それが、「利根水郷ライン」と「県道61号船橋印西線」ですが、断定はできず、これらにはいくつかの課題もあります。

予想ルート

こちらは資料をもとにしたいんざいパルケの個人的な予想です。
完全な主観ですのでまた違った視点で見てもらえると、新しい発想がうまれるかもしれません。

「野田市中里付近で国道16号と接続?」

「野田市芽吹大橋付近で接続?」

「野田市利根川土手沿い?」

「柏市田中調整池利根川土手沿い?」

常磐自動車道と接続」

「都市軸道路と接続」

国道6号と接続」

「我孫子市・取手市利根水郷ライン」

「我孫子市新木布佐地区付近?」

「印西市発作大森付近?」

「鹿黒」または「大森」

「県道61号船橋印西線」または「草深」

「多々羅田IC」または「草深新設」で「国道464号」と接続

「新川沿い?」

「ユーカリが丘付近?」

「四街道IC付近?」

道路開発と地元の影響

柏市田中調整池

少しだけ脱線します。

開発系の話題に限らず、何か新しいことがはじまるということには、何かしらの反応が生まれます。
まず、この記事では私の主観を勝手に書かせてください。
心がざわつく部分があるかと思いますが、どうかお許しください。

今まで、すでに決定し進んでいること以外で記事を書くことは、あまりありませんでした。
何かを作るということは同時に何かを壊すことにもなり得るからです。

「なにもない所」といわれる土地でも長年住んでいる方もいます。
生き物もいますし、そこに住み携わる人間よりも永い年月で育った環境があります。
そこで生涯を送り、それぞれに物語があり、生涯を終えた人もいます。

私は教科書には載らないその土地の成り立ちや歴史が好きで、例え田舎でもその土地をリスペクトしたいという気持ちがあります。

そこに住む人たちやその土地を長年守り、生業に携わってきた人への敬意と感謝を持ちたいです。

私の家系は200年以上昔から千葉県の印西市内、そして片方は今では様変わりした旧東京市内に根付く土着民。
その葛藤や思いには少しだけ共感できるものがあります。

一方、私自身も全く新しく作られた街や観光地、はたまた既存の市街地に住むことがあったため、外から見たらうわべだけで「こうすれば良いのに」と簡単に思うことがあります。

その両方の立場の狭間で書く記事です。
双方の意見や思いを互いに理解するきっかけを作り、そして次の世代へつなぐ未来を見据えた一歩も必要なのかな、と思いつつこの記事を書きました。

では、話を戻します。

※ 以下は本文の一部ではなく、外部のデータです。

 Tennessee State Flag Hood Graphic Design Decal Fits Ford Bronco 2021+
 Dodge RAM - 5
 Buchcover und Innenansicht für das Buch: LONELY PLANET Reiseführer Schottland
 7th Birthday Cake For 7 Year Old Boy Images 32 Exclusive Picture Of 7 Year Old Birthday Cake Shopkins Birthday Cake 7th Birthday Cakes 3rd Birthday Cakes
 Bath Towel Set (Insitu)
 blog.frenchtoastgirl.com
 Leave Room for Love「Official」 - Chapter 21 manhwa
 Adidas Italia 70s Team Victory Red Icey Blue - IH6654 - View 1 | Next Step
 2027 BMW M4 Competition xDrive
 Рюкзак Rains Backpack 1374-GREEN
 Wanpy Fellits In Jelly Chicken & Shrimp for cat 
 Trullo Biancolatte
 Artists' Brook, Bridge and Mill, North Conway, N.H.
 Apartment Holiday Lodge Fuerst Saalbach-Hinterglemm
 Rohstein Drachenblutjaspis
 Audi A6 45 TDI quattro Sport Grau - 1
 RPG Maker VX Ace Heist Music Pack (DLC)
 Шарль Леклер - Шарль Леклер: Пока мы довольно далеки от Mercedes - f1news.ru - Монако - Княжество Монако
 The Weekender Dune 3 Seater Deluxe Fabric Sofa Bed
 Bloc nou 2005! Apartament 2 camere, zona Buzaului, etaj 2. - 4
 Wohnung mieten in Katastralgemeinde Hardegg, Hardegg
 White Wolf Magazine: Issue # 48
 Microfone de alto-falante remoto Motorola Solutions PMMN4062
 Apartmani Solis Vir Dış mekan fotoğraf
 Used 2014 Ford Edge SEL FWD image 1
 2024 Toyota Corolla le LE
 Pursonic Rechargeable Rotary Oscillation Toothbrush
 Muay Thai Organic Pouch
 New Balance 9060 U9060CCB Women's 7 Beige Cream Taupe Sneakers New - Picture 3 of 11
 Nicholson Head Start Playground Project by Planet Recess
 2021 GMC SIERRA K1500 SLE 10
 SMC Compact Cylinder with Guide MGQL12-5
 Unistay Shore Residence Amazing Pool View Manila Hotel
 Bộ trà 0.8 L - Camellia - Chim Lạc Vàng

すみません。

エリアごとの課題

野田市

この先を見据えた計画が必要

柏市

水害対策による調整池としての役割がある

取手市

茨城県取手市の立場

我孫子市

利根川沿いからの分離地点をどこにするか

印西市

どこで464と接続するか

印西市より南

市街地密集地帯が多いまたは谷津田が広がる

全体

千葉市に接続しないと効果が減る

野田市

この先を見据えた計画が必要

利根運河水門から野田市の利根川沿いは、家屋や歴史建築物が多いのが特徴です。
川の歴史とともに歩まれた地域として、しっかりと未来を見据えた話し合いも必要ですし、何より千葉北西連絡道路がその先どのように千葉県を越えていくのか、越える予定はないのかなど、終点だけではない想定も考慮しなければなりません。
所詮私の立場で、とても上から物を言っているように聞こえますね。
でもこの難しさは地元の人たちだけでなく、千葉県全体や埼玉県の方々とも共有することも大切ではないかなと思いました。

柏市

柏市の田中調整池柏市の田中調整池

水害対策による調整池としての役割がある。

利根川ぎりぎりの土手を通るか、すでにある道沿いに通すかの2通りを想像しました。
写真は現在、我孫子側から常磐道柏ICや野田方面への抜け道として、抜け道とは思えないほどの交通量を抱えている道路です。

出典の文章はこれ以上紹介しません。